Source material section start

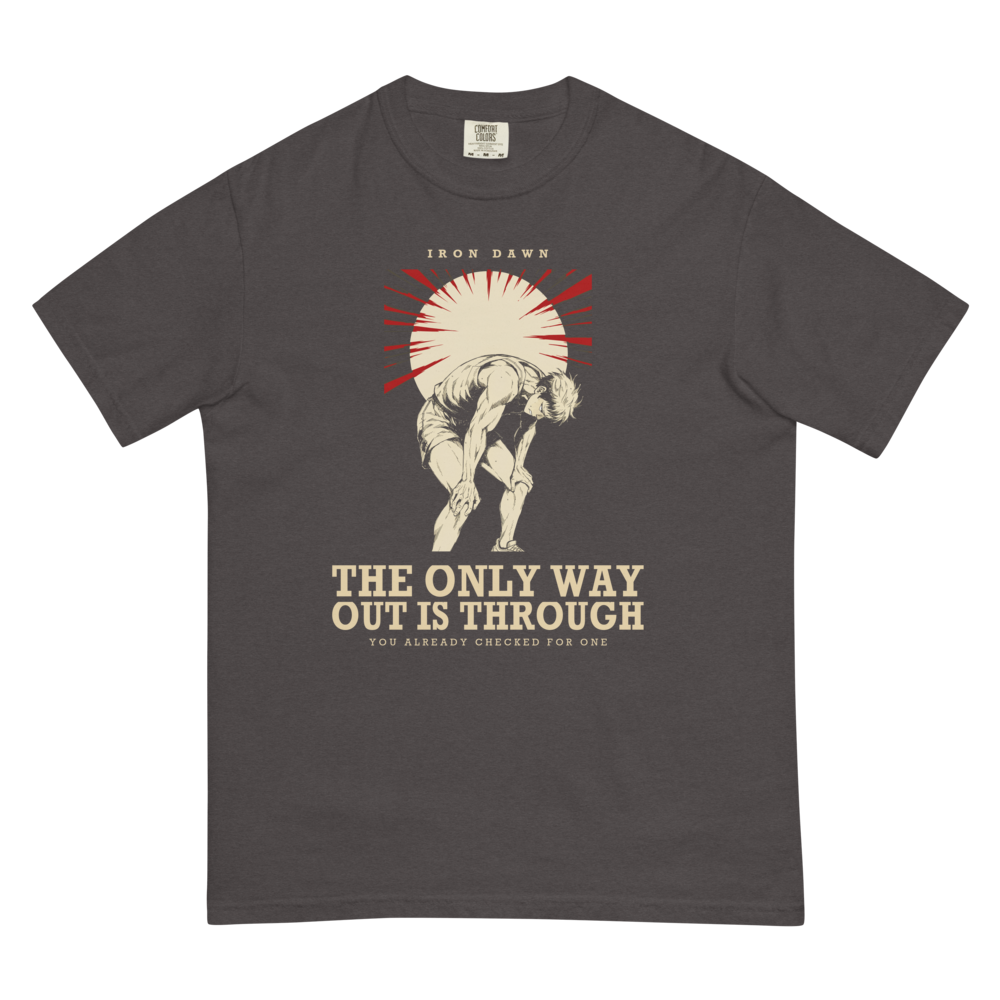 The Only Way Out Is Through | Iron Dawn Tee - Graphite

Source material section end
Source material section start

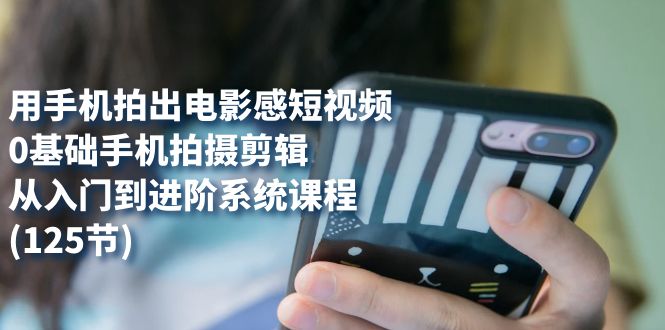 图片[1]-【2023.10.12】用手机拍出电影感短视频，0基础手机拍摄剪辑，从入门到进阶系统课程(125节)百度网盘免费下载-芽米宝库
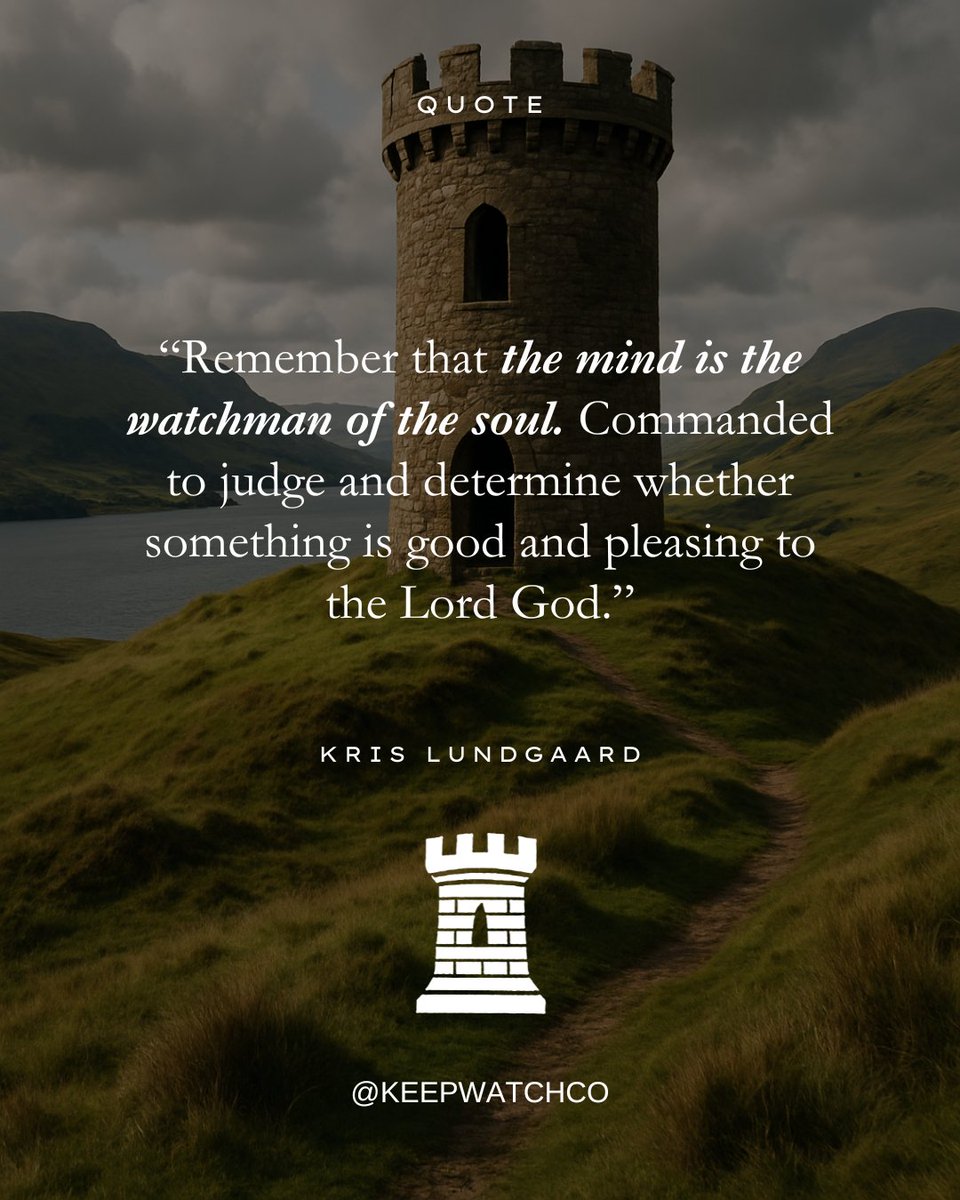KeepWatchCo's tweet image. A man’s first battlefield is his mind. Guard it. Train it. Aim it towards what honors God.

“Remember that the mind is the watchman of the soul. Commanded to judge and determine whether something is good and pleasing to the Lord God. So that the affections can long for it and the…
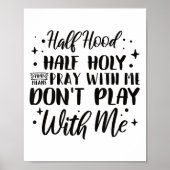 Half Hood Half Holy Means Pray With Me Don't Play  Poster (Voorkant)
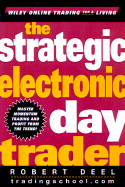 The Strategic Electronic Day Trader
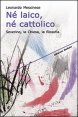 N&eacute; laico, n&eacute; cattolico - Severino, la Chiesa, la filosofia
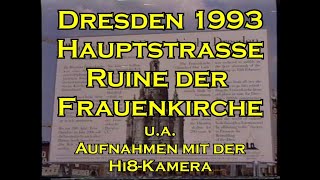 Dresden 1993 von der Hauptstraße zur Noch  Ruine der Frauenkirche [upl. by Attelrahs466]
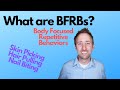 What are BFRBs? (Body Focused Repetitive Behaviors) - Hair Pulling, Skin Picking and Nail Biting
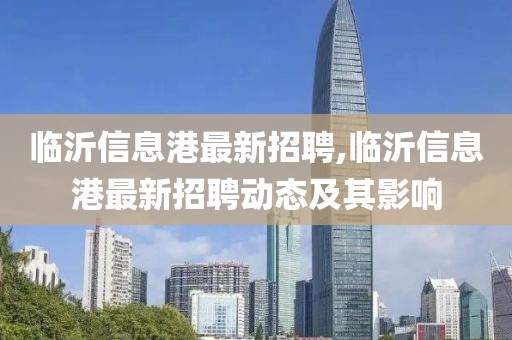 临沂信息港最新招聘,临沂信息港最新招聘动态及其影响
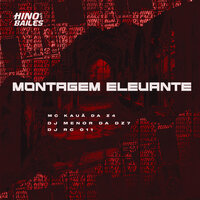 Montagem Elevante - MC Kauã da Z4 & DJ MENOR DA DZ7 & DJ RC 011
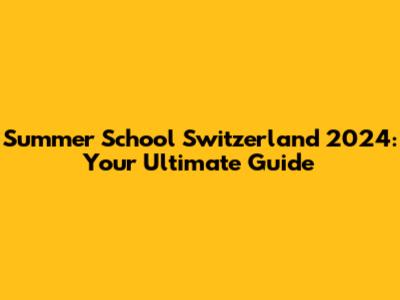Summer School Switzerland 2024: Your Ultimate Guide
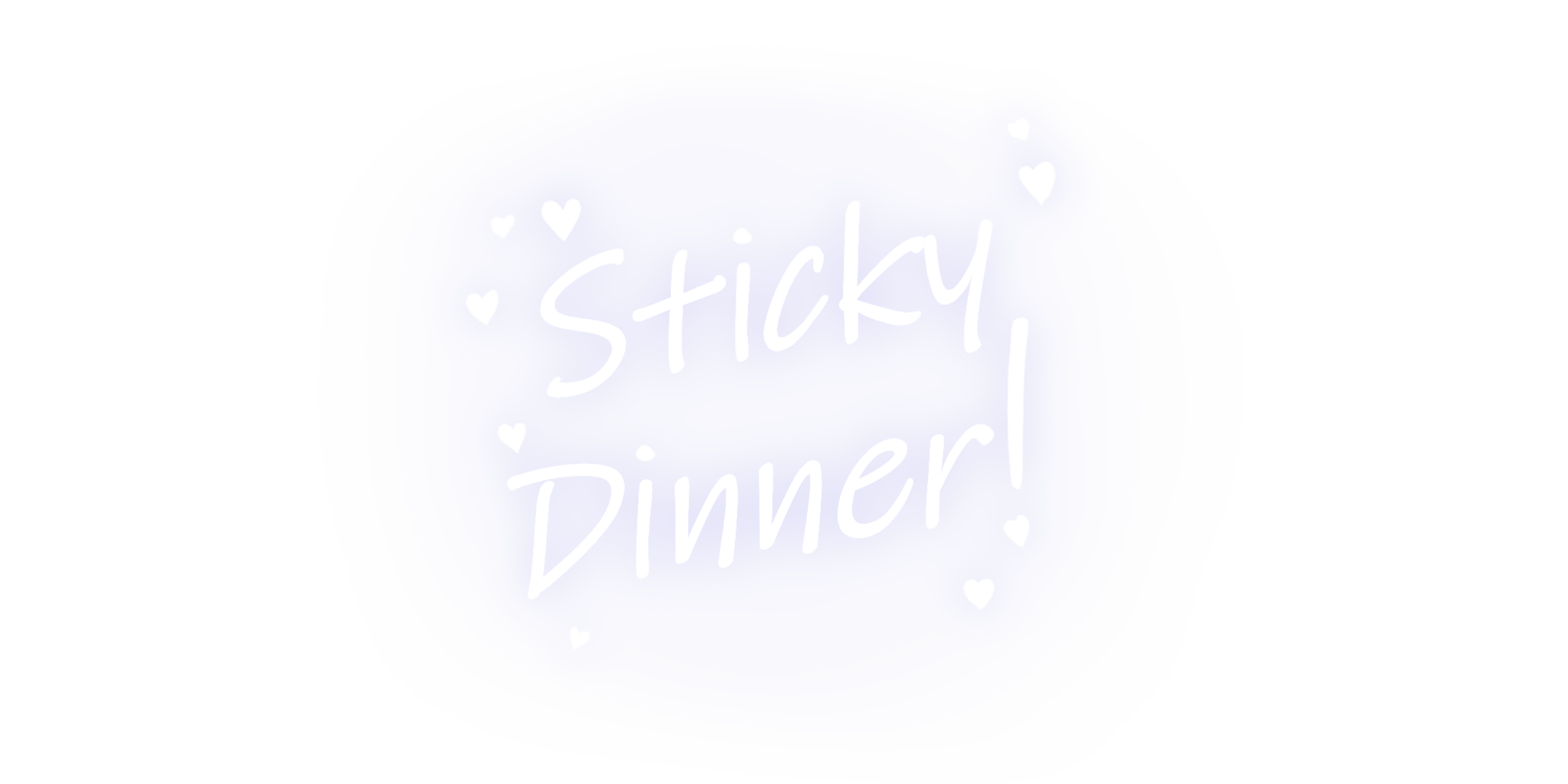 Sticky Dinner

Source material section end
Source material section start

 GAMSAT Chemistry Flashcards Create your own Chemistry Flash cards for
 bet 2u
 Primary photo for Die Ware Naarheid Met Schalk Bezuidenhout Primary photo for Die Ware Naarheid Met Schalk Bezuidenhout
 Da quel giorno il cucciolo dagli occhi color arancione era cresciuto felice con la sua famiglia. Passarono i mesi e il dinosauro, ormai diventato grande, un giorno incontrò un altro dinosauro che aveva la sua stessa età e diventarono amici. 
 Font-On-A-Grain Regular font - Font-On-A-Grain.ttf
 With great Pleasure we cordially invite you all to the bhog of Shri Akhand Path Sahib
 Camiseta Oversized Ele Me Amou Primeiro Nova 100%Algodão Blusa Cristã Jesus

Source material section end

_Aim of the exercise:_ Using the data above, transcribe the lines that run from the line with "With great Pleasure" to the line with "Camiseta Oversized Ele", both ends kept, and output nothing else.

_Answer to the problem:_
 With great Pleasure we cordially invite you all to the bhog of Shri Akhand Path Sahib
 Camiseta Oversized Ele Me Amou Primeiro Nova 100%Algodão Blusa Cristã Jesus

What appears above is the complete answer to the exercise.